-- SOURCE DATA follows --

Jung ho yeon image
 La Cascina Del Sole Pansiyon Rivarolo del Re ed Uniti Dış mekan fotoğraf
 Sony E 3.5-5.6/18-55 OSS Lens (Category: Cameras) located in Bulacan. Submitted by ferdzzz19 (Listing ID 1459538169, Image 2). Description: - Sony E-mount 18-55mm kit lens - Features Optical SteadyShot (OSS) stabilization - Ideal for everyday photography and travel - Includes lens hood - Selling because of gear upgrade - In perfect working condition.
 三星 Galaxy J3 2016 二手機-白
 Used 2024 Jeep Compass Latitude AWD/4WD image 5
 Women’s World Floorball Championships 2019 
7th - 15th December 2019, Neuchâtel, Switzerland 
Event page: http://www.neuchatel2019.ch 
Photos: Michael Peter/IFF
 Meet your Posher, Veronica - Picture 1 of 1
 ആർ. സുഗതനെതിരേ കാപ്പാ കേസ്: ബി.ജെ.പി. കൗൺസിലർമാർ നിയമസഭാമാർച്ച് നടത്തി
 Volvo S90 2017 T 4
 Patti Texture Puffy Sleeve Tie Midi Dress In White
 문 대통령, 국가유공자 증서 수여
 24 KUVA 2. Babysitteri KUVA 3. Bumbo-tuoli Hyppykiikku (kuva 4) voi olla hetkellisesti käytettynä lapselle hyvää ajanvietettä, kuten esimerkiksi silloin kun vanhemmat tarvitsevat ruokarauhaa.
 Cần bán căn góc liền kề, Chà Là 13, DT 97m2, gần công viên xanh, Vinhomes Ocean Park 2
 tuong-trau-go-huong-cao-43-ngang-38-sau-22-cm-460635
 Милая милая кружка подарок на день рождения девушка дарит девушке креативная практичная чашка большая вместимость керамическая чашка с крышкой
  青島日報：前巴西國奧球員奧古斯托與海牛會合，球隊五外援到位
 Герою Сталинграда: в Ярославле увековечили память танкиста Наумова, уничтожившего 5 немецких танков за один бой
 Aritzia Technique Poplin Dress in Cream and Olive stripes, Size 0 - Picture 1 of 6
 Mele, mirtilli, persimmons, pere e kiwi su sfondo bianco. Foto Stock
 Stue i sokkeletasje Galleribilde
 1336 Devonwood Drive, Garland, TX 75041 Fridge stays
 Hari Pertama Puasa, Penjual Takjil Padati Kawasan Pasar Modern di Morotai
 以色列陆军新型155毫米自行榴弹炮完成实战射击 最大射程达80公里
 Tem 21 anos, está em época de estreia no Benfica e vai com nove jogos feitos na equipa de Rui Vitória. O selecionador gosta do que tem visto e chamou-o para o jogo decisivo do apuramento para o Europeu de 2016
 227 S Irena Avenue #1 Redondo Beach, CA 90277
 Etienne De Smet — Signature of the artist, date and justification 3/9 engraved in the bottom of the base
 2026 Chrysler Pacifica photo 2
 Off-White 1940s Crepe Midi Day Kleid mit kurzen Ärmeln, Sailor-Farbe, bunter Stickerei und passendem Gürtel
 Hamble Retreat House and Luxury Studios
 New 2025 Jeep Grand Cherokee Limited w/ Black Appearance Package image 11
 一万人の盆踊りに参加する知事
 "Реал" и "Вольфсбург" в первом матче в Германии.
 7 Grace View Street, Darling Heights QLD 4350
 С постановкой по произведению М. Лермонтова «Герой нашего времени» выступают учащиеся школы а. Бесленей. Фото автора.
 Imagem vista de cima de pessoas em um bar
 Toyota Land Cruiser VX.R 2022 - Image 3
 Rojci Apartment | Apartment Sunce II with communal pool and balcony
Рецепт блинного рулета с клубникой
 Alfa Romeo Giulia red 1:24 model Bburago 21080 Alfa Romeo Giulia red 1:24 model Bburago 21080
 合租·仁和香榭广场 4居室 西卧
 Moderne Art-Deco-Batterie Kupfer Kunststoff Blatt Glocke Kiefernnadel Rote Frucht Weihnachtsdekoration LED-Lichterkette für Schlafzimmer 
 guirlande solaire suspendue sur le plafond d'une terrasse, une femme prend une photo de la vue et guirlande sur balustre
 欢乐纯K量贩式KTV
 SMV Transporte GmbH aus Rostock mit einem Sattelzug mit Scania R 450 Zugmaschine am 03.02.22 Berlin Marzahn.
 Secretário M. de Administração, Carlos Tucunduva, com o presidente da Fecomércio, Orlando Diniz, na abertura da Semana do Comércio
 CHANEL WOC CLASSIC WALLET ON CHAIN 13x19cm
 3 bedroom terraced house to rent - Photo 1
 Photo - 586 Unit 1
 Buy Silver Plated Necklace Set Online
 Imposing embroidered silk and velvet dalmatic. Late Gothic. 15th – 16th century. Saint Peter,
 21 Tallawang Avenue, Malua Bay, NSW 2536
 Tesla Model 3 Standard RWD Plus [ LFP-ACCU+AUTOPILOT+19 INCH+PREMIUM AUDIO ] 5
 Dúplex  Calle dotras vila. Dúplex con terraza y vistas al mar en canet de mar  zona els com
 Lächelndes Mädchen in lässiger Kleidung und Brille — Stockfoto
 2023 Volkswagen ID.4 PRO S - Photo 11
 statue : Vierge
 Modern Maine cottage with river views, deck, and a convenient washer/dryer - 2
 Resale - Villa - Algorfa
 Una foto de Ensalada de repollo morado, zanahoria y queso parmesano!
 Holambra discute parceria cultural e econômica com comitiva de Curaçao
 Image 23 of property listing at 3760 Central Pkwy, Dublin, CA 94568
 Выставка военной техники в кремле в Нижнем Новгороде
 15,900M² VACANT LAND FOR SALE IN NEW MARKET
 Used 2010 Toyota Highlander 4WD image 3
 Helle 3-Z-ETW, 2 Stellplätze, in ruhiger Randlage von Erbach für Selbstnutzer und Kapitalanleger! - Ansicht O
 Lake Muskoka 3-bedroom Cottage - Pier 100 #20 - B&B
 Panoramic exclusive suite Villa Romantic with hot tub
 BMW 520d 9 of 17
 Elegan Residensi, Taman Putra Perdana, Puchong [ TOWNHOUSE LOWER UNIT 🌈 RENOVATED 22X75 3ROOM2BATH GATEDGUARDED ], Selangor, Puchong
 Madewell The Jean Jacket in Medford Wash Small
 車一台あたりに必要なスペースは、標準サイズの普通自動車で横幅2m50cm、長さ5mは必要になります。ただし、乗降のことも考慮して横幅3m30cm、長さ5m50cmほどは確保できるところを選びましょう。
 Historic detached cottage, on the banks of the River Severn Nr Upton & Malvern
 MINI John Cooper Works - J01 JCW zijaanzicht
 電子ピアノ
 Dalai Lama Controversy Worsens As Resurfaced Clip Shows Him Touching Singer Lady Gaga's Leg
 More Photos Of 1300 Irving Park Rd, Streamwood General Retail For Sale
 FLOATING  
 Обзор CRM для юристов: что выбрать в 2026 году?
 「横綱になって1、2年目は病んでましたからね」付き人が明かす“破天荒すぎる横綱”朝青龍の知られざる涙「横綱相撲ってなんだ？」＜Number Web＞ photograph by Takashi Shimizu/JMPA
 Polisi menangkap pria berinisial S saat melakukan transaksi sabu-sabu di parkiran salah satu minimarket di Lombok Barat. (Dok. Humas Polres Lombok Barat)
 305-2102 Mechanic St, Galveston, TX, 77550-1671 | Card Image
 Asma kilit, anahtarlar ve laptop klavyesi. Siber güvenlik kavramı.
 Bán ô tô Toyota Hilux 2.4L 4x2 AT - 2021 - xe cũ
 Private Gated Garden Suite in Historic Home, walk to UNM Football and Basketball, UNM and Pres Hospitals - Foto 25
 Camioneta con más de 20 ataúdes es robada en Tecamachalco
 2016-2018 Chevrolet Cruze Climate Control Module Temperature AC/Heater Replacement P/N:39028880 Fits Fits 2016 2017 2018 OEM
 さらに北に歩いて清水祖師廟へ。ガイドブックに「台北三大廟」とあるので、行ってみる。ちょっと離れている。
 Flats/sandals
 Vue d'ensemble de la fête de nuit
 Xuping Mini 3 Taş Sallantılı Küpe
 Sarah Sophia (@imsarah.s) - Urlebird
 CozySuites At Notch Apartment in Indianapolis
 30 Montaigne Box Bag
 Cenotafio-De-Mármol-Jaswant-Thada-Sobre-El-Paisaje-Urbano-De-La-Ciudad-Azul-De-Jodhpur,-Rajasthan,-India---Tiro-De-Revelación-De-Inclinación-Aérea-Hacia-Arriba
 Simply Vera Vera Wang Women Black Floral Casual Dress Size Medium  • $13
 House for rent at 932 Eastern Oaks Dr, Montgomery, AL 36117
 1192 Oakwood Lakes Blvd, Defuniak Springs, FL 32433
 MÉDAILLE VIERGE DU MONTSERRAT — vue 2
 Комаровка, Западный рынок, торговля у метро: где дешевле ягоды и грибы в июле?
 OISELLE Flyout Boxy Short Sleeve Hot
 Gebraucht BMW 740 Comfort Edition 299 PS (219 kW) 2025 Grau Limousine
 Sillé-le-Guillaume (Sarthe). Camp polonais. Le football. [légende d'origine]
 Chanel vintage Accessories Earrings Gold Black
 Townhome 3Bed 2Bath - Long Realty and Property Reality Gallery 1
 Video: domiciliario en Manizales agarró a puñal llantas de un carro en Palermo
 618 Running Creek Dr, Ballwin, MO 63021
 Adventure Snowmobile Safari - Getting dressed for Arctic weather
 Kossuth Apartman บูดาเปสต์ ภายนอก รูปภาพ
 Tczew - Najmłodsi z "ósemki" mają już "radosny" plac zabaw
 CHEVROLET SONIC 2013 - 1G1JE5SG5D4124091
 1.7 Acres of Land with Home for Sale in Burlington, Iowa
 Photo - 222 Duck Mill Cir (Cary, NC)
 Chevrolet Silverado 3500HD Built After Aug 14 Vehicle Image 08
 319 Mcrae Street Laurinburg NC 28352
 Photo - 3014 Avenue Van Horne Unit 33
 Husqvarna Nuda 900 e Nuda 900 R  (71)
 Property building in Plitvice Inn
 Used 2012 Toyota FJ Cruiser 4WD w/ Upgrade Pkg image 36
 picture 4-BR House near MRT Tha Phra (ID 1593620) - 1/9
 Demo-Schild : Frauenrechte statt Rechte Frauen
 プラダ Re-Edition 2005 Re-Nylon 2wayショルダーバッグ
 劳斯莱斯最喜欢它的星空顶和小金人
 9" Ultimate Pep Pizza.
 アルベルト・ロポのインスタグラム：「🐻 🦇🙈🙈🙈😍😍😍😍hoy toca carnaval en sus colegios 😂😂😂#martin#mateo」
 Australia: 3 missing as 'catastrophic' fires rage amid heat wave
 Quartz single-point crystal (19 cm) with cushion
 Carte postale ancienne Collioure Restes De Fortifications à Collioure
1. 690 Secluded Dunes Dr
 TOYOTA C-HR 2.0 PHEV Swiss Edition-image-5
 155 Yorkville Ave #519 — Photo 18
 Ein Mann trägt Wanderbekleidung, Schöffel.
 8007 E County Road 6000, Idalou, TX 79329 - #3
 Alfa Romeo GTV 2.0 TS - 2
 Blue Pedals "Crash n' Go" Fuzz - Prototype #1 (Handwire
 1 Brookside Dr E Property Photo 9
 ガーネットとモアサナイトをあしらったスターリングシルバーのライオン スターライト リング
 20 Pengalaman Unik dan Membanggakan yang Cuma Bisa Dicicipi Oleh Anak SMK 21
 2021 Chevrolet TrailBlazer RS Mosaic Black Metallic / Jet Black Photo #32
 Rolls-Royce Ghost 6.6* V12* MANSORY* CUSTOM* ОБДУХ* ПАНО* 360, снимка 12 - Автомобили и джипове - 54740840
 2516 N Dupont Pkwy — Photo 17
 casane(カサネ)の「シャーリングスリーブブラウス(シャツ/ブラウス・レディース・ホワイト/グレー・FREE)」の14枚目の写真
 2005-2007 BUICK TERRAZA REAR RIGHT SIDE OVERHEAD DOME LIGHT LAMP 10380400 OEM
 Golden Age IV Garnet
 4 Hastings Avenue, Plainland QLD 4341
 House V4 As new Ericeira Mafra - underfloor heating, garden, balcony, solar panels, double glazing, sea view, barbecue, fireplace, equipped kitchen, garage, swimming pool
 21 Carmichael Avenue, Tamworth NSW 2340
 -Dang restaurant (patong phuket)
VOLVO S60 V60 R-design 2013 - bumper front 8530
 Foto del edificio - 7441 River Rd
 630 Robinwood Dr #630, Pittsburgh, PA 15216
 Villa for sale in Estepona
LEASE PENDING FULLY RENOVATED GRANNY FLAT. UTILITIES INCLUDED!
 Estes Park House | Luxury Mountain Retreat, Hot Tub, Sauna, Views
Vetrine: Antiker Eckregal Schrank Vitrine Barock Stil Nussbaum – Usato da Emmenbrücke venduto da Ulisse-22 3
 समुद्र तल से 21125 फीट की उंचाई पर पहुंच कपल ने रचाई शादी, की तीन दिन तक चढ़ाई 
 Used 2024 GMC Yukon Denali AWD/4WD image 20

-- SOURCE DATA concluded --

_WHAT TO DO:_ How many lines above include the word "Size"? Answer with the number alone.

_FINAL ANSWER:_ 2